* **What is needed**
Drop all pictures and repeat exactly the lines from the line holding "Een Vouwblaadjes Folia" through the end of the records.

* **Caption-style text data**
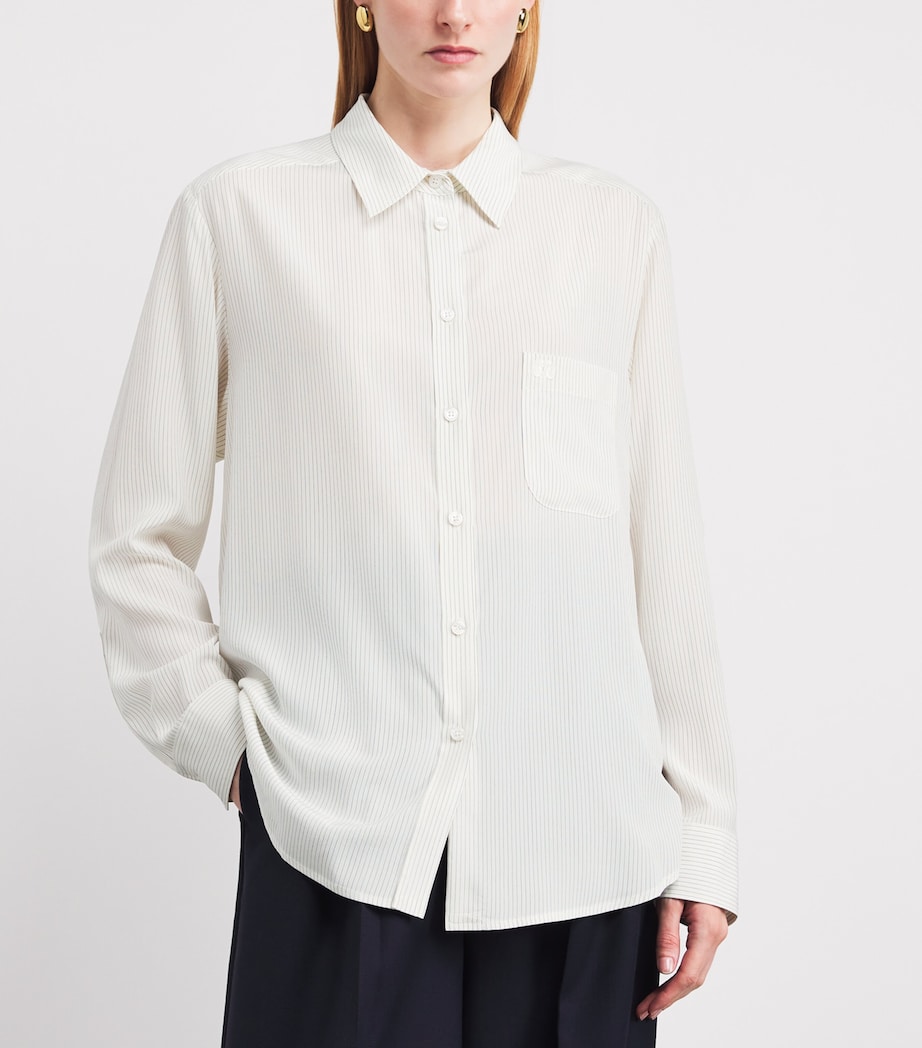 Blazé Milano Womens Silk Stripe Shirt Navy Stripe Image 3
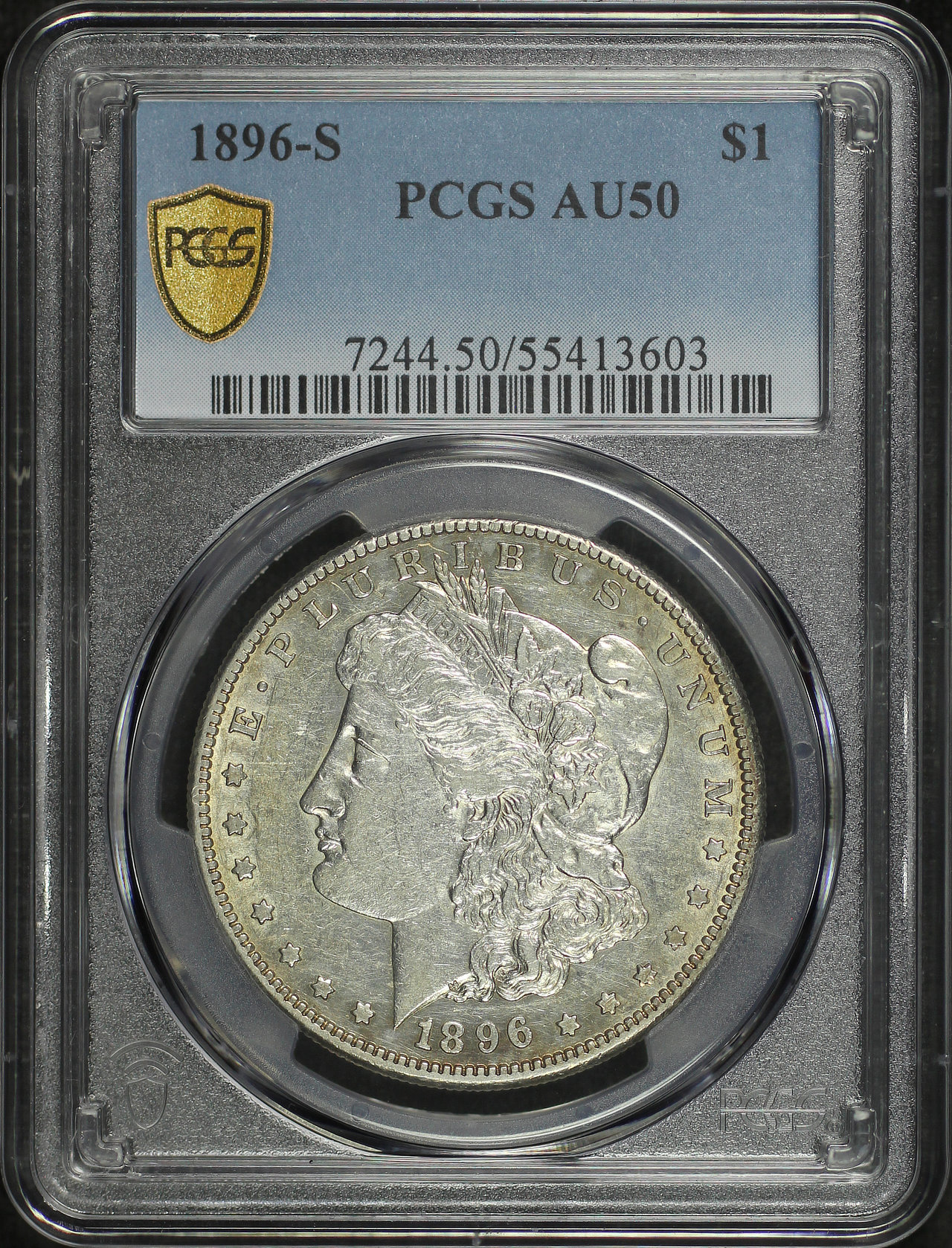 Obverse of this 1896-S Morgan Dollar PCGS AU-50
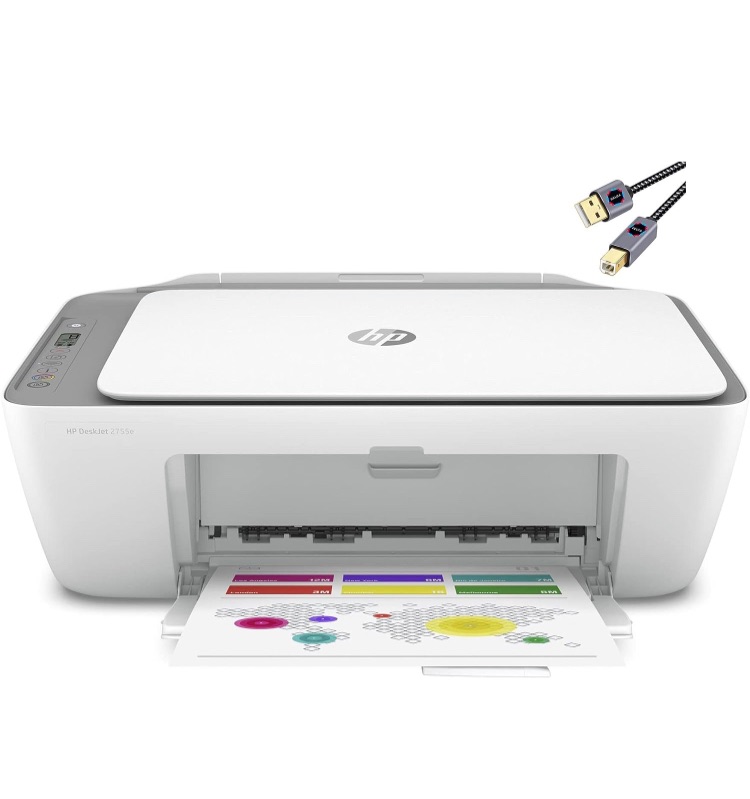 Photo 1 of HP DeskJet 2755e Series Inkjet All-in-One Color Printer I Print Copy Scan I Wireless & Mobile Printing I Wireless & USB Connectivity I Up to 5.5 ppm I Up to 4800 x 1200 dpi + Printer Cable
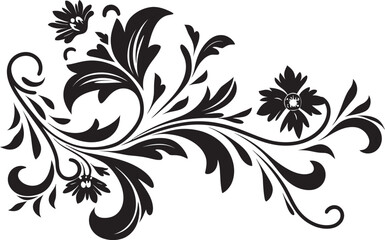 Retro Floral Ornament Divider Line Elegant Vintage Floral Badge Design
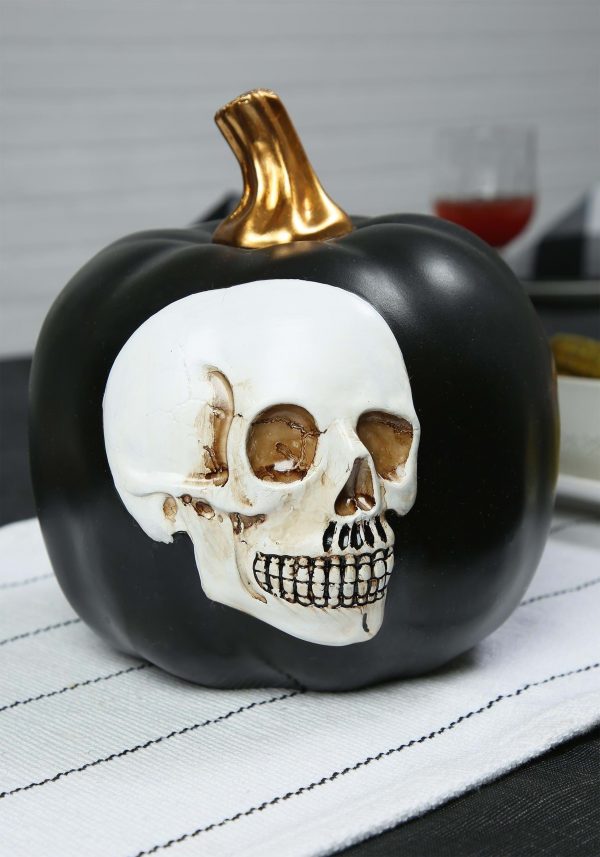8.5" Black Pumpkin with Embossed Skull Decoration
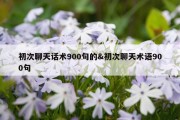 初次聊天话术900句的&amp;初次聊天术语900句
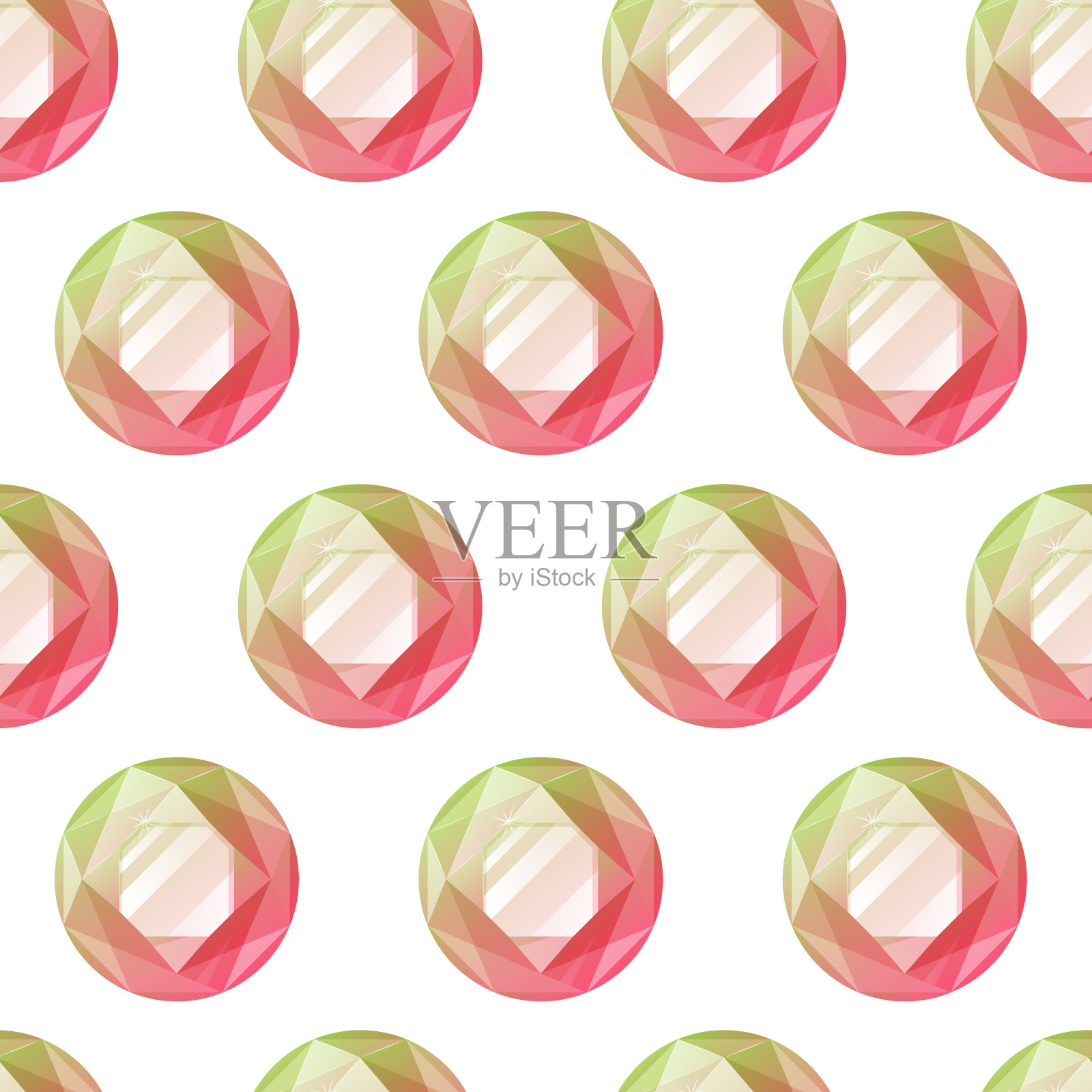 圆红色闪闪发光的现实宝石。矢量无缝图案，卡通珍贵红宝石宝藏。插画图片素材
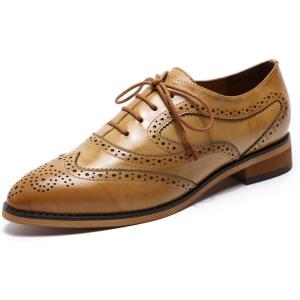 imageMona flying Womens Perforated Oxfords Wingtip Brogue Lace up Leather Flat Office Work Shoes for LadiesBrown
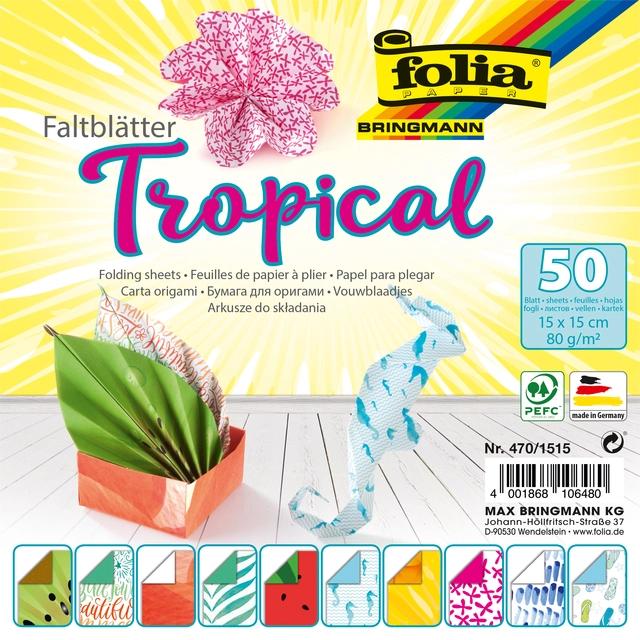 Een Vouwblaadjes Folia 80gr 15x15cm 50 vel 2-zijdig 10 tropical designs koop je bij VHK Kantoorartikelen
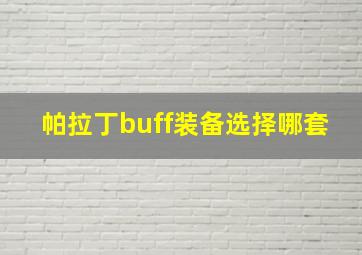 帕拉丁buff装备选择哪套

* **The completed task**
 Een Vouwblaadjes Folia 80gr 15x15cm 50 vel 2-zijdig 10 tropical designs koop je bij VHK Kantoorartikelen
 帕拉丁buff装备选择哪套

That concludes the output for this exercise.